何成局端起茶杯又喝了一口,沉默地消化这个新信息。
陈敬堂把账页重新叠好放回信封里,推还给何成局。但推到一半的时候他又停住了,手指按在信封上,眼神盯住了何成局。
“何老弟。你老实告诉我——这本账,你翻过没有?”
何成局摇了摇头。这倒是实话——他拿到信封之后就马不停蹄地赶来潮州,一路上根本没有时间也没有心思翻看里面的内容。

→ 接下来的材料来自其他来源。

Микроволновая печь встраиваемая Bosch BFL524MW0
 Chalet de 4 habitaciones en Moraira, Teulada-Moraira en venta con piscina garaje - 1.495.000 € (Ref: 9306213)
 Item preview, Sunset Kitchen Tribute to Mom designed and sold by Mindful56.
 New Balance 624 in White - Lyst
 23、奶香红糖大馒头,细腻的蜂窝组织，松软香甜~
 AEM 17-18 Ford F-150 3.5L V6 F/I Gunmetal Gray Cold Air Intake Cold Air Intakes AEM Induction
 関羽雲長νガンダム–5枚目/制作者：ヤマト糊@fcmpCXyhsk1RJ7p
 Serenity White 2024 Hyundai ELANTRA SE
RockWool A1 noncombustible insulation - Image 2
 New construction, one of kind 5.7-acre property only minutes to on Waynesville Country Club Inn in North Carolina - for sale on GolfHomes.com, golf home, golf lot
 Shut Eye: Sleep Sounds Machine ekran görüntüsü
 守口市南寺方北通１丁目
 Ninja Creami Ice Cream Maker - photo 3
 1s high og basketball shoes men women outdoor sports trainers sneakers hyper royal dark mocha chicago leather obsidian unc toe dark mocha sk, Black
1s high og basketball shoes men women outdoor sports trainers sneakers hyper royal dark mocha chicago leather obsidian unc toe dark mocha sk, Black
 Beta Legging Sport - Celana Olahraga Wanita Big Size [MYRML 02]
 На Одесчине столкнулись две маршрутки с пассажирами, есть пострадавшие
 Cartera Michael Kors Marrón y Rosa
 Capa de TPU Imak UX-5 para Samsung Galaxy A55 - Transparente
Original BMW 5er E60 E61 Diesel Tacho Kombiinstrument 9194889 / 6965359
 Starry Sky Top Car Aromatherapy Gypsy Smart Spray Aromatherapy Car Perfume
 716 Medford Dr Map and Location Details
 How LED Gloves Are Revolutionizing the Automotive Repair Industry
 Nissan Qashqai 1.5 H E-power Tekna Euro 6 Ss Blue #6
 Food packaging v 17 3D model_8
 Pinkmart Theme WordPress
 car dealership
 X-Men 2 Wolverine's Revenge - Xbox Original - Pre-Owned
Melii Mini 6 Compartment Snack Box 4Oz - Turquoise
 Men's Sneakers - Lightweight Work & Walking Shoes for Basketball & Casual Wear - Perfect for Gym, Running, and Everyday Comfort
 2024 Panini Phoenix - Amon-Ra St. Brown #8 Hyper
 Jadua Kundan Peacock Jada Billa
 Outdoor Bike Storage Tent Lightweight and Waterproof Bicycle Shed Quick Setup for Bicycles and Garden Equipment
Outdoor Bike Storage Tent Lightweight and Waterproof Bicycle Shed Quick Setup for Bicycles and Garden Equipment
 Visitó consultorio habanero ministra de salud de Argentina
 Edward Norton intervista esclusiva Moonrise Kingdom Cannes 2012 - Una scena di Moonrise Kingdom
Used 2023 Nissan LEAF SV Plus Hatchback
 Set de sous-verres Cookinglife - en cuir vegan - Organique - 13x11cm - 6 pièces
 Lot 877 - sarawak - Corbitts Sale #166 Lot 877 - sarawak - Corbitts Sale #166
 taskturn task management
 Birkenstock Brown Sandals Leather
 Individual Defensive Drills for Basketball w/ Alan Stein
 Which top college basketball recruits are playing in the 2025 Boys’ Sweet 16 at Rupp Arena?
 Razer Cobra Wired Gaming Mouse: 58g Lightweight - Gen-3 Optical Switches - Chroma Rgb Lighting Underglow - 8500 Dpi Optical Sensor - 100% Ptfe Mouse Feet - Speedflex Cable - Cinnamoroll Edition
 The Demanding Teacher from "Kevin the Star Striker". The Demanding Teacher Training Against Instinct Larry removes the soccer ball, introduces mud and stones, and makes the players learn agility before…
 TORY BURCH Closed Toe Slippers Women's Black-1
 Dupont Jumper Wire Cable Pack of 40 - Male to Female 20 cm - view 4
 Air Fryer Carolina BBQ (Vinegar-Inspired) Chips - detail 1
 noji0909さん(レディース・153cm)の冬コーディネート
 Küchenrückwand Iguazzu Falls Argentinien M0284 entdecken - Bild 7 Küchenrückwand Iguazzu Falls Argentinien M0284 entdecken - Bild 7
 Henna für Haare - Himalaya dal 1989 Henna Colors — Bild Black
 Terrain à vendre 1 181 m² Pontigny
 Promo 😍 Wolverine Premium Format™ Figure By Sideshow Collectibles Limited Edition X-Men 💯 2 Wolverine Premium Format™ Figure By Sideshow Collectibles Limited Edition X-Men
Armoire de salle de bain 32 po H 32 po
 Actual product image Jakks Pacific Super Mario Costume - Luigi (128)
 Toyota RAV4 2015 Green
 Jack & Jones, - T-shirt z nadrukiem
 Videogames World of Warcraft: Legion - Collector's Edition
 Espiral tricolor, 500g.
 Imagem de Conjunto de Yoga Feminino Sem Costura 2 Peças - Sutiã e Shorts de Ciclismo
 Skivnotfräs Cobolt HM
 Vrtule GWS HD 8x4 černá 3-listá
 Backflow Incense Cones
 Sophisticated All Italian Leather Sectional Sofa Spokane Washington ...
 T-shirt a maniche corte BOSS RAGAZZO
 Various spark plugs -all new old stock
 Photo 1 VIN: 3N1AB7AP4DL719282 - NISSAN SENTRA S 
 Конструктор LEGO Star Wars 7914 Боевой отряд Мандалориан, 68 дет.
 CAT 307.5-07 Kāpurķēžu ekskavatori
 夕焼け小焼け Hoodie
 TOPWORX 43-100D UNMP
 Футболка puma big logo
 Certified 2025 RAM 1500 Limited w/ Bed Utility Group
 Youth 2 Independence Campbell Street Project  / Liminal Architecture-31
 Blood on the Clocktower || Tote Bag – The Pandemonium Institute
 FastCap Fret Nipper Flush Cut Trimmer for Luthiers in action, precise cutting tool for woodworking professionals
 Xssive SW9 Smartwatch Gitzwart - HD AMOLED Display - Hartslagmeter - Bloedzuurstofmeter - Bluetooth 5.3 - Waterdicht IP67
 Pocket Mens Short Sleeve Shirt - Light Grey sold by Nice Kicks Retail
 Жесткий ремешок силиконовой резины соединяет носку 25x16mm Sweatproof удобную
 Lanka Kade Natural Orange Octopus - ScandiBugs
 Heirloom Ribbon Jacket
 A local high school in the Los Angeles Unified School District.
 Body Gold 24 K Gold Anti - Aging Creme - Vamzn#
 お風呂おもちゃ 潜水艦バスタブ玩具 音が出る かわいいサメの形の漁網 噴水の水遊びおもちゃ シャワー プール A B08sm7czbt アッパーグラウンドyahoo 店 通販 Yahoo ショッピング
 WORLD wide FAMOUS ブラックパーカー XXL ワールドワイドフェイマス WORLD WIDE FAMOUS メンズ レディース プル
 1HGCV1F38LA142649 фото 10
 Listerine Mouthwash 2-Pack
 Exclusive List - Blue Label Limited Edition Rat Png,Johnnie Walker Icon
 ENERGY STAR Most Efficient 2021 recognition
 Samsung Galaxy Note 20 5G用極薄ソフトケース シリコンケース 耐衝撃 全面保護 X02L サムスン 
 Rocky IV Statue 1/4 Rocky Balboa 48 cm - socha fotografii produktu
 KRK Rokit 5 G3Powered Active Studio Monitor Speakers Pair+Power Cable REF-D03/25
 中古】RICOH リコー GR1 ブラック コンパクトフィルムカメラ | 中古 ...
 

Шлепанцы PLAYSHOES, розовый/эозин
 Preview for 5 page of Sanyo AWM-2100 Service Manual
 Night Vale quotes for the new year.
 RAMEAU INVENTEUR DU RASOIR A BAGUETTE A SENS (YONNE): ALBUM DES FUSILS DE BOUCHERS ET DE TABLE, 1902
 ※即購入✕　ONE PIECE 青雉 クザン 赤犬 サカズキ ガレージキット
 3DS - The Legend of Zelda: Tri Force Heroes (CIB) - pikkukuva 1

“看来你是真不知道。”陈敬堂收回手,嘴角浮起一丝古怪的笑,“那你知不知道,这本账里还记了一笔跟你有关的交易?”
何成局端茶杯的手停住了。
陈敬堂从信封里抽出最后一页,翻到背面,手指点着页脚一行极小的蝇头小字:“这一行,用密写墨写的,普通光线下看不出来,要在火上烤过才能显现。我方才也是不小心把纸页靠近茶壶才发现的。”
何成局低头看去。那行字极小极淡,但确实能辨认出来。上面写着——
“何成局者,原姓霍,佛山铁器世家霍氏旁支。十岁被逐出霍家,流落街头,后为霍家旁系老铁匠收养。身世不详。”